Metallurgical Corp of China, the firm that helped build Beijing's Bird's Nest Olympic stadium, made a modest debut in Shanghai on Monday, in a sign that a flood of new equity is weighing on market sentiment.

The lukewarm start by the world's 12th-biggest engineering contractor signaled that mainland share debuts, which have attracted heavy speculative buying, could struggle as firms line up to tap funding in a market that is down 15 percent from its 2009 high in early August.

That could pose a challenge for China International Travel Service Corp, the country's biggest travel agency, which is next in line with a Shanghai IPO raising about 1.7 billion yuan ($249 million).

MCC shares opened 35 percent above their IPO price of 5.42 yuan, slightly higher than a forecast by six analysts surveyed by Reuters, but well below the average first-day rise of more than 60 percent by other listed Chinese companies this year.

This is a pretty weak debut, reflecting current market sentiment, said Li Xianming, strategist at Ping An Securities Co. If the debut were a few days earlier, the price should have been higher.

Analysts said investors were also concerned about MCC's growth prospects given an expected slowdown in investment in a domestic steel industry facing huge overcapacity.

MCC, part-owned by leading steelmaker Baosteel, is China's oldest and biggest construction firm in the metals industry. Its businesses also include mining, equipment making and real estate development.

MCC faces political and currency risks in its overseas mining projects, said Wang Dong, analyst at TX Investment Consulting Co.

In China, slower investment in the iron and steel industry, as well as possible policy changes toward the steel sector, could hurt some of its businesses.

MCC has said it would use the IPO proceeds to pay for mining rights in Afghanistan, Argentina and Pakistan, and iron and steel projects in Australia, India, Vietnam and Mongolia. It would also repay bank borrowings and supplement working capital.

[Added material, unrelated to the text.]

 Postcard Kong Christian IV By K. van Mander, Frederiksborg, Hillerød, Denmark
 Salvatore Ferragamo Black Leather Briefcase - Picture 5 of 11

By 0625 GMT (2:25 a.m. EDT), MCC shares were up 24 percent at 6.71 yuan in a broader market .SSEC that was down 1.3 percent at its lowest in nearly two weeks.

MCC's listing followed a 3 percent drop on the benchmark Shanghai Composite Index on Friday as investors worried about a surge in new equity supplies.

Shares of Sichuan Expressway, the first listing on the Shanghai bourse since China lifted a 10-month ban on share sales in July, more than doubled on their debut. The two other Shanghai IPOs this year, by China State Construction Engineering Corp and China Everbright Securities, also fared better.


MCC, China's first company this year to dual-list in Hong Kong and on the mainland, will start trading in Hong Kong on Thursday after raising $5.12 billion in both markets in the world's second-biggest IPO this year after China State Construction's $7.3 billion offering in July.

Wang Sheng, analyst at Shenyin & Wangguo Securities Co, said the Shanghai debut may impact trading in Hong Kong.

I don't think MCC's shares would have much room to rise in Hong Kong, if the Shanghai stock price trends lower, he said.

A series of major Chinese IPOs has come to market since July, after Beijing lifted a share sale ban aimed at propping up the country's two stock markets amid the global financial crisis.

Investor concern over a surge in equity and fears of lending curbs hit the benchmark index last month, although the market has since stabilized due in part to government assurances that it will not tighten monetary policy.

MCC's debut price values the company at about 29 times its estimated earnings for 2009.

MCC's net profit almost halved to 3.76 billion yuan ($550.7 million) in 2008, though China Securities Co has forecast a rebound to 4.8 billion yuan this year. MCC posted first-half earnings of 2.68 billion yuan, but gave no year-ago comparison.